Via Bradford Cross’ excellent post on data-driven startups (he has one himself – FlightCaster, a flight-delay prediction service that I mentioned last year), I learned the interesting fact that there is now at least one venture capital company that specializes exclusively in data-driven or “big data” startups. This company is IA Ventures, and it “invests in companies that create tools to manage and extract value from massive, occasionally unstructured, often real-time data sets“. I particularly like this sentence from their web page: “Most data generated today is simply treated as exhaust—lost forever along with the valuable insights held in it.” This is very true, and there are sure to be enormous opportunities for those who are clever enough to turn this “exhaust” – in the form of structured or unstructured data – into a product. The above-mentioned post by Bradford Cross tries to suggest some public data sets that might be leveraged by a savvy startup.
One nice example of a company that uses seemingly mundane information – cab pickup frequencies in New York City – to create a useful product is Sense Networks. They perform “some heavy-duty data crunching” on information from taxi companies and mobile phone records to predict the best places to get a cab in NYC. The predictor is implemented as an iPhone application called CabSense. In a recent podcast named Reality Mining for Companies, Alex “Sandy” Pentland, a professor who is also on Sense Networks’ management team, describes how even more trivial information like movement patterns of individuals inside a company can actually be analyzed to improve productivity and working conditions. Did you know that productivity goes up 10% if you have coffee with a cohesive group of co-workers?
Anyway, it will be interesting to see how the data-driven startups funded by IA Ventures turn out. One of them, Recorded Futures, has also recently received funding from Google. This company is based in US and Sweden, and one of the people behind it is Christopher Ahlberg, the founder of Spotfire (a successful analytics company which was built around a user-friendly visualization tool and sold to Tibco a couple of years ago). Recorded Futures attempts to predict future events (!) by analyzing and indexing various sources (news, analysis pieces, prognoses etc.) on the web. I assume they use some sort of natural language processing to recognize entities (like names of people and companies, dates etc.) and infer relationships between them from indexed reports. The company’s blog has some interesting visualizations that summarize, for example, the lives of some terrorist suspects who have recently been in the news.

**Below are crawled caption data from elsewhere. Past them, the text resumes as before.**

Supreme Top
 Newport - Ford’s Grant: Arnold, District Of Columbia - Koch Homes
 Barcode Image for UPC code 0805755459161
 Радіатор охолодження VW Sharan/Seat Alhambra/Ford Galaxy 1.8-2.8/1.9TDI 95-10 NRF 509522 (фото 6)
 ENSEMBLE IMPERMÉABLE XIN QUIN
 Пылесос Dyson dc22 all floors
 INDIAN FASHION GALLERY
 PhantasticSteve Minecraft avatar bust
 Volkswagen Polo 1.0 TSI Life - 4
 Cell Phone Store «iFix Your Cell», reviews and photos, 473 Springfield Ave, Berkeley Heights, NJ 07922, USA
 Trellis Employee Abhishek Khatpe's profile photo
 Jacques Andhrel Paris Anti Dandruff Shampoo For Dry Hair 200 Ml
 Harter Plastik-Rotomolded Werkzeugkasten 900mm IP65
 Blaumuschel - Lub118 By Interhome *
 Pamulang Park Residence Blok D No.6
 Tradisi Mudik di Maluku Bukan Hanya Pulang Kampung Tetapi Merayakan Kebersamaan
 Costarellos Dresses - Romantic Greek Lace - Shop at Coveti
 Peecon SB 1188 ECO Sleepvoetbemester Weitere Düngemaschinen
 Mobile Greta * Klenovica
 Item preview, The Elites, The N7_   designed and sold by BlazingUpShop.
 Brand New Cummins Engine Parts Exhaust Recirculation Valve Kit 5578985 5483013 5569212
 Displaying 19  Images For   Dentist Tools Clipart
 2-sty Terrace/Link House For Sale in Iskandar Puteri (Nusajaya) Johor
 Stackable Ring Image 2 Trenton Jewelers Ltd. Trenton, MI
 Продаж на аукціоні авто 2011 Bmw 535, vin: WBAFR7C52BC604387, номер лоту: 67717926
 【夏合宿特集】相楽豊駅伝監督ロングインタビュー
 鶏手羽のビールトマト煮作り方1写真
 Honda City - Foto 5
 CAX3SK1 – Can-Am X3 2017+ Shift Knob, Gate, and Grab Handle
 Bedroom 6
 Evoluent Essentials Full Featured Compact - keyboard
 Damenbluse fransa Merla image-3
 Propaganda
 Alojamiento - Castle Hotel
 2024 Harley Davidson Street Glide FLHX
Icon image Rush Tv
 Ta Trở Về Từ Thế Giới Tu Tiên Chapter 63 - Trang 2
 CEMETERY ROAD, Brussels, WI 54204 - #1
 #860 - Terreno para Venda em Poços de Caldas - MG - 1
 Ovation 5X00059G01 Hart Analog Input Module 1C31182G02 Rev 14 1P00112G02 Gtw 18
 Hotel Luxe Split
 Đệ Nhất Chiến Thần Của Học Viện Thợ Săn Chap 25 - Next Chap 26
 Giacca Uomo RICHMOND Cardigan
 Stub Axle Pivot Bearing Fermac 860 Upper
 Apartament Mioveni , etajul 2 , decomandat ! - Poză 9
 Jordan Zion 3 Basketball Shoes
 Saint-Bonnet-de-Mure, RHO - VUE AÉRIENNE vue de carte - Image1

My favorite entry in the blog (if only for its name) is “Has Hu Jintao’s behavior changed?” These blog case studies do not contain predictions of future events, but rather a kind of proof of concept that the system can reconstruct a reasonable timeline showing important events in a person’s (or maybe a company’s) life and display it in an effective way. I did register for a couple of “Futures“, an email based service where you get alerts about possible future events connected to a set of keywords, but the only prediction I have received so far was apparently based on some faulty date recognition.
In case you read Swedish (or are able to tolerate Google translations), the best summary I have found of what is currently known about Recorded Futures is at the Cornucopia blog.